In premise, it is informed that the ALTAMEDICA laboratory , specialized in prenatal genetics, has all the quality certifications foreseen and recommended:
UNI EN ISO 9001 Reg. 7662-A e UNI EN ISO 17025
As regards the CE-IVD marking, relating to in vitro diagnostic devices, it should be specified that it is reads as follows: “the devices may be placed on the market and/or put into service only if they meet the requirements standards based on the Community Directive” (98/79/EC). This was amended, for formal clarifications, from 2007/47/EC. Recently, Regulation (EU) 2017/746 of the European Parliament and of the Council of 5 April 2017 concerning in vitro diagnostic medical devices, progressively repeals Directive 98/79/EC (which is still in force today) and decision 2010/227/EU of Commission and replace them completely by 2023.
The tests used must therefore meet the prescribed requirements. Practically all the tests available today declare a simple partial “declaration of conformity“, that certifies only part of the process or even just the software.
FetalDNA is the only free fetal DNA test circulating on maternal blood that has the European CE-IVD certification on the whole workflow as stated in the ministerial document filed at the Ministry of Health in point 04 – GENERAL DESCRIPTION OF THE DEVICE of the technical file.
FetalDNA is a non-invasive screening test in prenatal in vitro that involves the analysis of free fetal DNA circulating on maternal blood. It uses the latest generation genomic sequencing methodologies – innovative-NIPT (iNIPTTM).

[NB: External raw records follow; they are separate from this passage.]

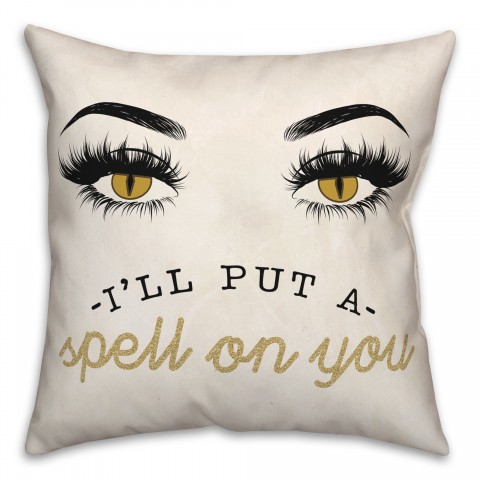I'll Put A Spell On You Pillow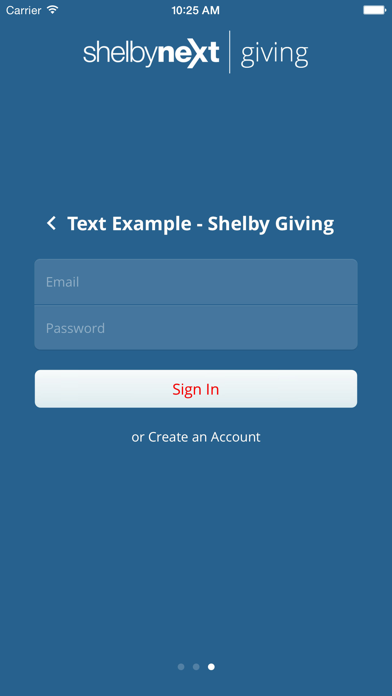 Screenshot #2 pour ShelbyNEXT | Giving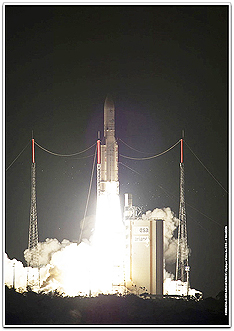 Arianespace Ariane 5 launch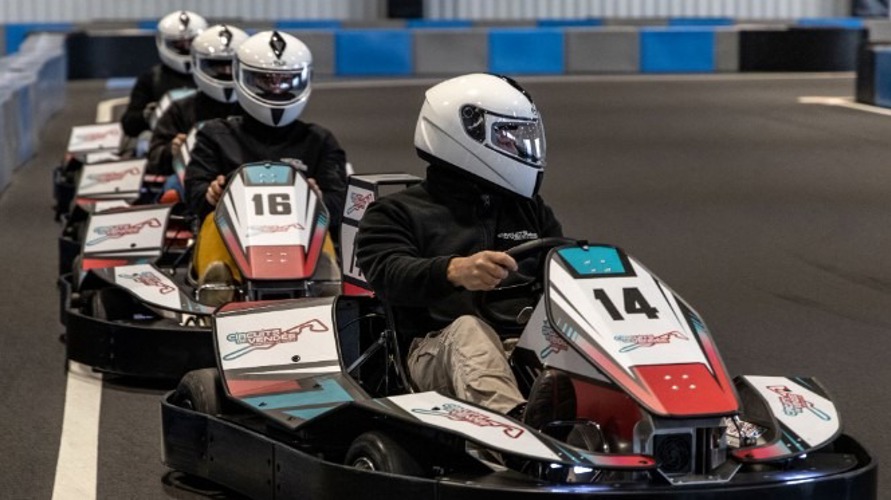 Circuit de la Vendée. Photographie de Pierre Ollier / Onshore Studio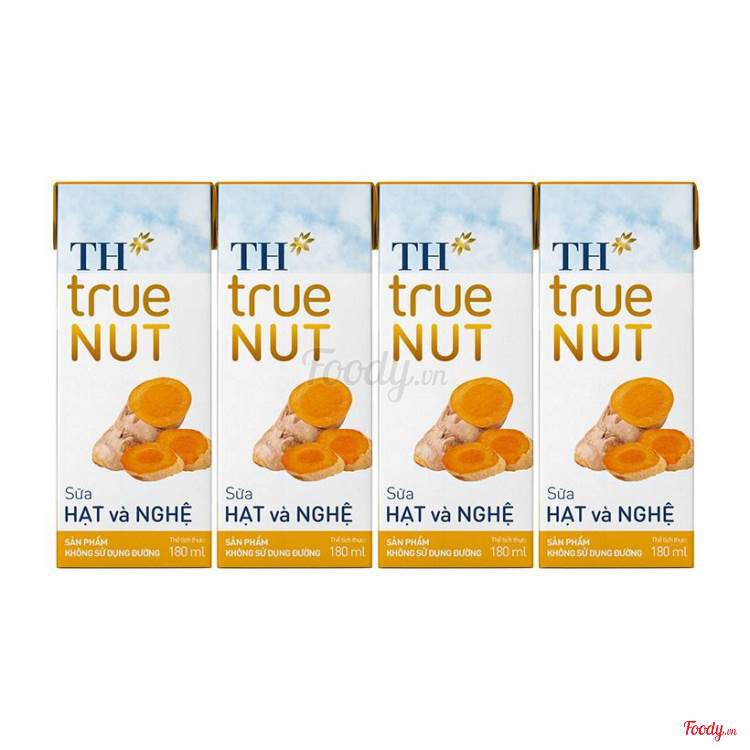 Thùng 48 hộp Sữa Hạt TH True NUT (180ml x 12 lốc 4 hộp) - đủ 7 vị best seller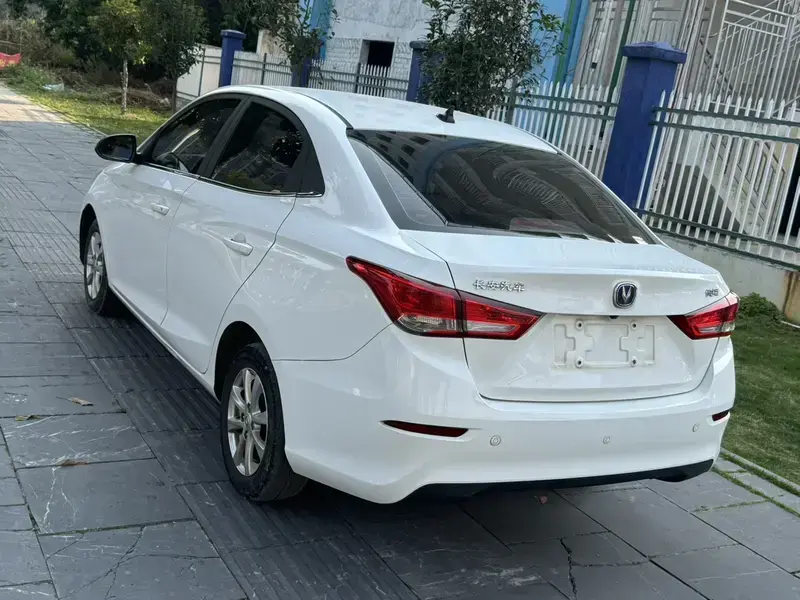 2018 Changan Yuexiang с пробегом 80 000 км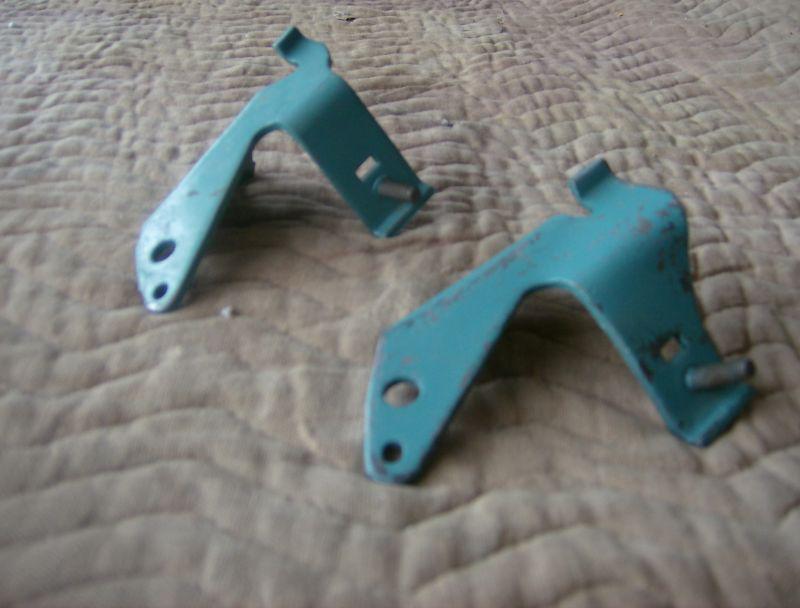 MOPAR BIG BLOCK ASSORTED THROTTLE CABLE BRACKETS, 1966-1970 CHARGER, CORONET, US $34.95, image 3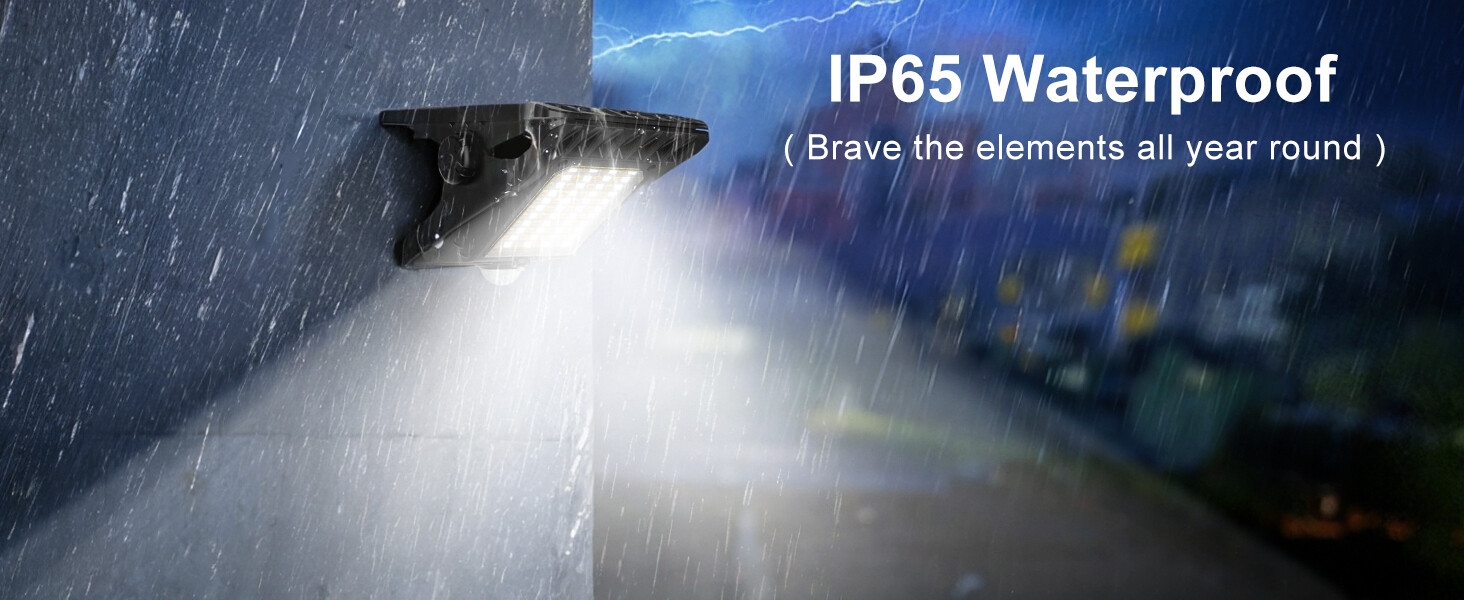 clip on solar lights outdoor waterproof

Using this test it is possible to analyze the cfNDA in pregnant women and trisomies of chromosomes 13, 18 and 21, fetal sex, aneuploidy of the sex chromosomes, aneuploidy of all the other autosomes, evaluation of structural alterations related to some microdelection syndromes.
It is absolutely important for the doctor to prescribe the execution of this test as it is protected by complete documentation. By analogy it can be said that it is as if a completely registered drug was prescribed.
At present all the other tests available on the market or are without CE-IVD certification or are only partially available (for example, only software).
Prescribing one of these diagnostic tests is tantamount to prescribing a drug that has a partial registration or does not possess it at all.